An odd legal scuffle has surfaced out of notable Mile End diner Beautys Luncheonette over the name of one of its dishes.
Via CTV Montreal (complete with the headline “Grease and desist”), the 77-year-old diner on Mont-Royal Avenue sent cease and desist notices to various other diners in Montreal, ordering them to stop using the name “Mish-Mash” on their menus.
Bagel Etc, just a few blocks away, and Cosmos in NDG both received the letters, although they had been serving dishes named “Mish-Mash” for many years, with no problem.
The Mish-Mash has been a long-time staple of Beautys menu: an omelette with hot dog, salami, green pepper, and fried onion, with home fries and a bagel on the side. Beautys trademarked the dish and its name decades ago, but has never enforced it until now. Astute diners may have noticed that a small registered trademark symbol appears alongside the Mish-Mash on the Beautys menu — according to government listings, it was registered in 1989 (but had been used as far back as the ‘60s), with Beautys’ owners renewing the registration earlier this year. (Variations of the dish have existed for as long as Beautys has been in business and perhaps longer, under various names.)
The Bagel Etc. Mish-Mash is similar to Beautys — it has beef salami, onion, sausage, and red pepper (there’s also the mega Mish-Mash that throws in cheddar and bacon).

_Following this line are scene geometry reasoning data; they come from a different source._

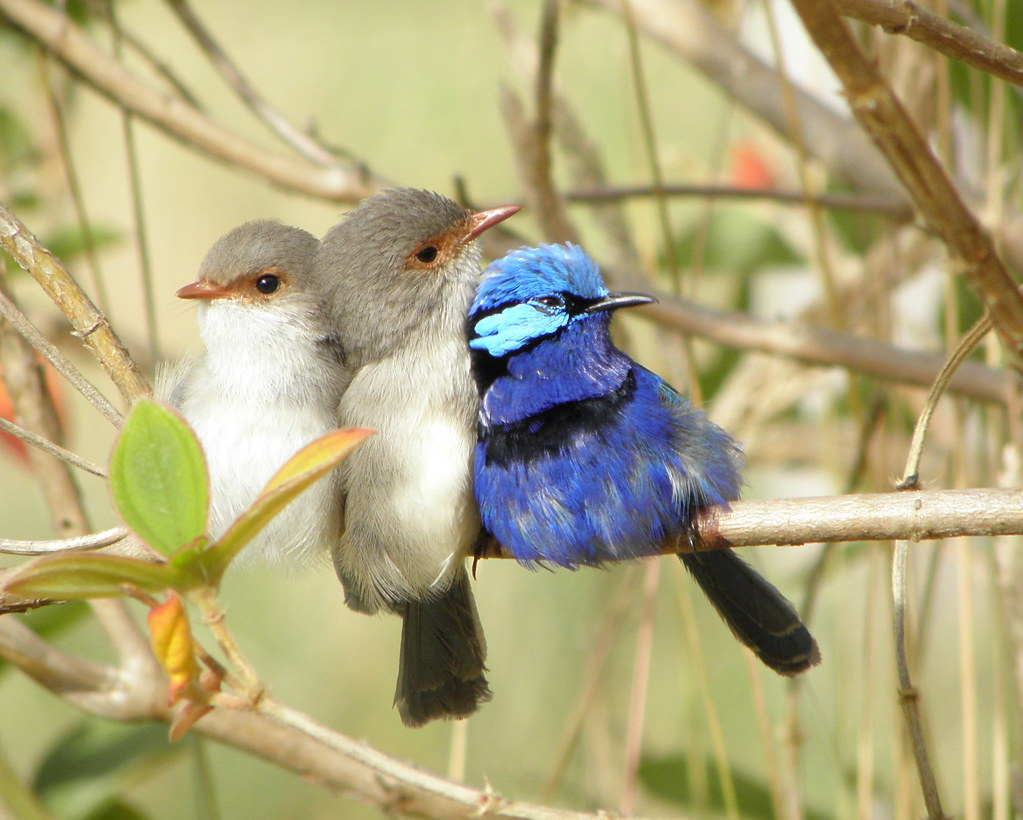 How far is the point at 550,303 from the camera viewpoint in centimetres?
188

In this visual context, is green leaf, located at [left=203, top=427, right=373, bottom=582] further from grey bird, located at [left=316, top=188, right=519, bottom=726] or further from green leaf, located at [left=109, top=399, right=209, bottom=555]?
grey bird, located at [left=316, top=188, right=519, bottom=726]

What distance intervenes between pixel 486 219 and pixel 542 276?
221 millimetres

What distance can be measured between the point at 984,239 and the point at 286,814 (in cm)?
359

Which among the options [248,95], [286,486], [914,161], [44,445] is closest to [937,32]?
[914,161]

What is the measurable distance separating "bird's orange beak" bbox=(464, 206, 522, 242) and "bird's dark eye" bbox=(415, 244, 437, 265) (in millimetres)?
65

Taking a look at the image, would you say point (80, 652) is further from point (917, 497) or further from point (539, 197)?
point (917, 497)

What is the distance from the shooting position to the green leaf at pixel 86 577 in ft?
3.30

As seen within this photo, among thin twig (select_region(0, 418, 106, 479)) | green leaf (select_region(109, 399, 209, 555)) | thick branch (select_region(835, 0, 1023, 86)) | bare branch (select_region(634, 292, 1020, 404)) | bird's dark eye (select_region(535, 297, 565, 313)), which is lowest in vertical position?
green leaf (select_region(109, 399, 209, 555))

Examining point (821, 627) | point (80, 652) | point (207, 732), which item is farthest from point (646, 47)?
point (207, 732)

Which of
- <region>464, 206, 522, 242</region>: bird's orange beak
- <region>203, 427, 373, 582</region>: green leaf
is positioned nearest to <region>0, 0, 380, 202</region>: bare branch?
<region>464, 206, 522, 242</region>: bird's orange beak

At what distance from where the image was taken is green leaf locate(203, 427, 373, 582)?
104 centimetres

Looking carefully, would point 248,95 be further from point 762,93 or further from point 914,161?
point 914,161

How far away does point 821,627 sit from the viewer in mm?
3688

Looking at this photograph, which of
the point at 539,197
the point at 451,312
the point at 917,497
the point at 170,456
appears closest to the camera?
the point at 170,456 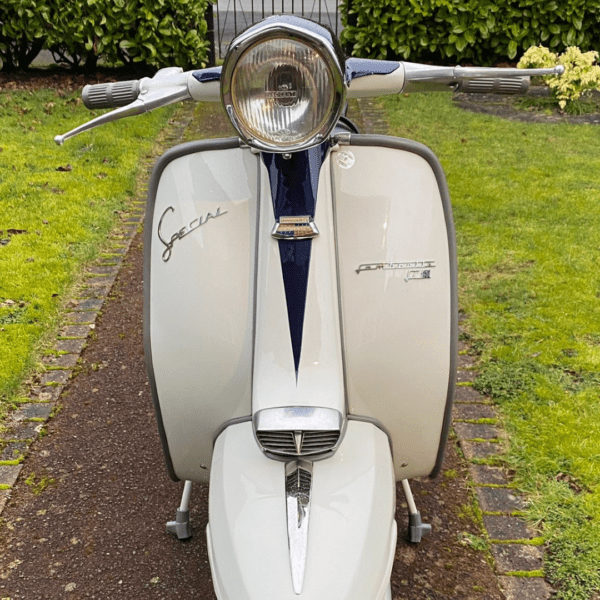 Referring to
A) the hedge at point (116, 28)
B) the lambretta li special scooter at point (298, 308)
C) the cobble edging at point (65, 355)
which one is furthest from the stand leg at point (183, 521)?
the hedge at point (116, 28)

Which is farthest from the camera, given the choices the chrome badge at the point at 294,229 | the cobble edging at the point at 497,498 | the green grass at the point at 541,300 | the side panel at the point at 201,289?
the green grass at the point at 541,300

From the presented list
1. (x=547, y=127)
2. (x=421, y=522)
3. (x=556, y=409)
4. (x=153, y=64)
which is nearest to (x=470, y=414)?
(x=556, y=409)

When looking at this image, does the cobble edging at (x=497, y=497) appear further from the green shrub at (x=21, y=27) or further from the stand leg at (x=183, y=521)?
the green shrub at (x=21, y=27)

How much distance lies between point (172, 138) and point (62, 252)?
261cm

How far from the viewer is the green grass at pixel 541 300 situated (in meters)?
2.46

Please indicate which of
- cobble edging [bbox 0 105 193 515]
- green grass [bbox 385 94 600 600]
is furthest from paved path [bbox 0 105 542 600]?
green grass [bbox 385 94 600 600]

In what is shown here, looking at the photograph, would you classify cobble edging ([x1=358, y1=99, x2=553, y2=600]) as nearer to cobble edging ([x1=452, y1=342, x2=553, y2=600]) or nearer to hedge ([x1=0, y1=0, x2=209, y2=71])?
cobble edging ([x1=452, y1=342, x2=553, y2=600])

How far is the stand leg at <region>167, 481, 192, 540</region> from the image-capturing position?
227cm

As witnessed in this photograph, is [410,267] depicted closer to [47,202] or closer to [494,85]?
[494,85]

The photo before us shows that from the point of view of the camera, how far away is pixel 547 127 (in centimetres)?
665

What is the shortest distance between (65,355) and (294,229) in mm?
2166

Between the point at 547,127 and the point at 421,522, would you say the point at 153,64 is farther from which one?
the point at 421,522

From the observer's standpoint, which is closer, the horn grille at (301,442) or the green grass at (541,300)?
the horn grille at (301,442)

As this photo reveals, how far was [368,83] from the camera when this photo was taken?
1.62 metres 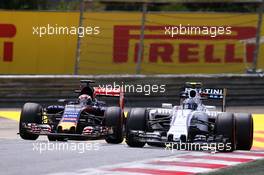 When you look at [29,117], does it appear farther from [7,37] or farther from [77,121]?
[7,37]

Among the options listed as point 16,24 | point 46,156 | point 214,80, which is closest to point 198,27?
point 214,80

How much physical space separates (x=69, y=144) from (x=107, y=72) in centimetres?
949

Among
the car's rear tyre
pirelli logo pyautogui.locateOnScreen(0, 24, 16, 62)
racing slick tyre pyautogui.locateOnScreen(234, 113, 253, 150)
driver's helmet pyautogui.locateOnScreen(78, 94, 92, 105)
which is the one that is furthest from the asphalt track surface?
pirelli logo pyautogui.locateOnScreen(0, 24, 16, 62)

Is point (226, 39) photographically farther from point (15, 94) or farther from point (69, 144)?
point (69, 144)

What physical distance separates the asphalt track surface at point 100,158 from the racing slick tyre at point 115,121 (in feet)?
0.87

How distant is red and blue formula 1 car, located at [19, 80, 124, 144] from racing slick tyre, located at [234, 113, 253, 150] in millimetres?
1868

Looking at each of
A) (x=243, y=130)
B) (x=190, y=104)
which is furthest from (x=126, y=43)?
(x=243, y=130)

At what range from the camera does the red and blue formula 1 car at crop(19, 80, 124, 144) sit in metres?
13.8

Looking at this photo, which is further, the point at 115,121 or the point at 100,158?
the point at 115,121

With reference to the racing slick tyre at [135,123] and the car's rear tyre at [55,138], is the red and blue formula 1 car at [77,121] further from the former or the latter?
the racing slick tyre at [135,123]

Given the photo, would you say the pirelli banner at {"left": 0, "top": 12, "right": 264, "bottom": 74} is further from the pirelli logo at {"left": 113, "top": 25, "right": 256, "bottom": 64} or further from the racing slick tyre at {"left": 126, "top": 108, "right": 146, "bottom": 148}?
the racing slick tyre at {"left": 126, "top": 108, "right": 146, "bottom": 148}

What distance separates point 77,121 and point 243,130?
108 inches

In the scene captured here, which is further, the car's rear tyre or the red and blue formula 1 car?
the car's rear tyre

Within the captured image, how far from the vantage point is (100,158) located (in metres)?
13.1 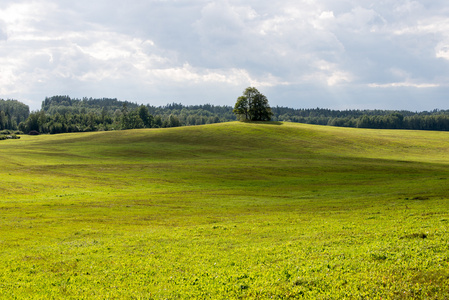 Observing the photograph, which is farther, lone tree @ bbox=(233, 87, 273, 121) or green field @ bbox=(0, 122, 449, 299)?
lone tree @ bbox=(233, 87, 273, 121)

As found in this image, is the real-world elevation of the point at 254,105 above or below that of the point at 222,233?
above

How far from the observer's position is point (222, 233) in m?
23.8

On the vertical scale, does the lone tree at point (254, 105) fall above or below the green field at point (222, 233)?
above

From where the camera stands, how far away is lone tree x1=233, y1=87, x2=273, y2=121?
178m

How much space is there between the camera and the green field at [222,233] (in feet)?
44.9

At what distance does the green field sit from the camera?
44.9 feet

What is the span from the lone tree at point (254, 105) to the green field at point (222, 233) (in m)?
115

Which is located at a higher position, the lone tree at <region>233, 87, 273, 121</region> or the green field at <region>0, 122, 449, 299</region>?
the lone tree at <region>233, 87, 273, 121</region>

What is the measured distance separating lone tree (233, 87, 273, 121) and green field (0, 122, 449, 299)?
377 ft

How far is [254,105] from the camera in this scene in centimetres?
17925

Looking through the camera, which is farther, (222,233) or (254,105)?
(254,105)

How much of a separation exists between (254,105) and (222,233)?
Result: 521ft

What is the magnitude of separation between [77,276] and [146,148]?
84.9 metres

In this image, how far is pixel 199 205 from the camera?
37.0 metres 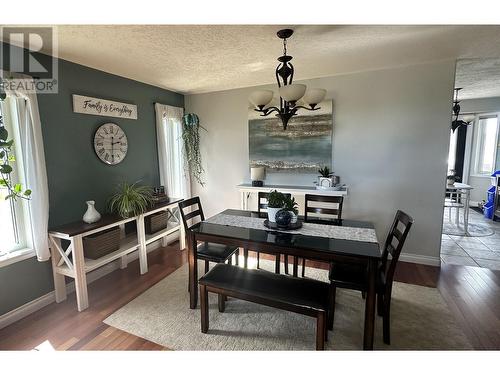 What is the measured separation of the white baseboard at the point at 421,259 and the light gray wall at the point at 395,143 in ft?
0.16

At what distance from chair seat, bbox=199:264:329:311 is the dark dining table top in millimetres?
288

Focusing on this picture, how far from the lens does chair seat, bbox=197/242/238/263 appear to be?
2338mm

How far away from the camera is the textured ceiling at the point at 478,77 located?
120 inches

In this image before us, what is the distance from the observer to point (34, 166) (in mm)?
2199

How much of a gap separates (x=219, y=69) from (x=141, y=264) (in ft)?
8.02

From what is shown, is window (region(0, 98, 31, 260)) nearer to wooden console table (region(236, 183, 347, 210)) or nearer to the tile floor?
wooden console table (region(236, 183, 347, 210))

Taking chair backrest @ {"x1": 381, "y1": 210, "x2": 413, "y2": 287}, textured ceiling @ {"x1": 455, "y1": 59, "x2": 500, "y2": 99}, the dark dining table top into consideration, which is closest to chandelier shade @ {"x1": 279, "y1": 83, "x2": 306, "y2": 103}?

At Cosmos, it’s a bit different, made with tomato, cheese, bacon, onion, ham, salami, and sausage. But the differences don’t matter: Beautys owns the name.
The letters sent to Bagel Etc. and Cosmos also requested that they make a $100 donation to the Jewish General Hospital, apparently as a kind of goodwill gesture for using the trademarked name for so many years.
This doesn’t look likely to evolve into some kind of legal battle — Bagel Etc. has agreed to change the name of the dish and make the donation (Cosmos has not made public comment on the issue).
But the tactic from Beautys does raise a few questions: why did they jump straight to a cease and desist letter? (CTV notes that the diner did not previously attempt to reach out to Bagel Etc to ask for a name change, jumping straight to a legal threat, a rather blunt-force move.) And, with the dish being trademarked for years, why enforce it now?
Eater has reached out to Beautys for answers. Meanwhile, city observer Montreal City Weblog offered up one final observation: this slightly litigious behaviour never happened when beloved Beautys owner Hymie Sckolnick was at the helm of the restaurant.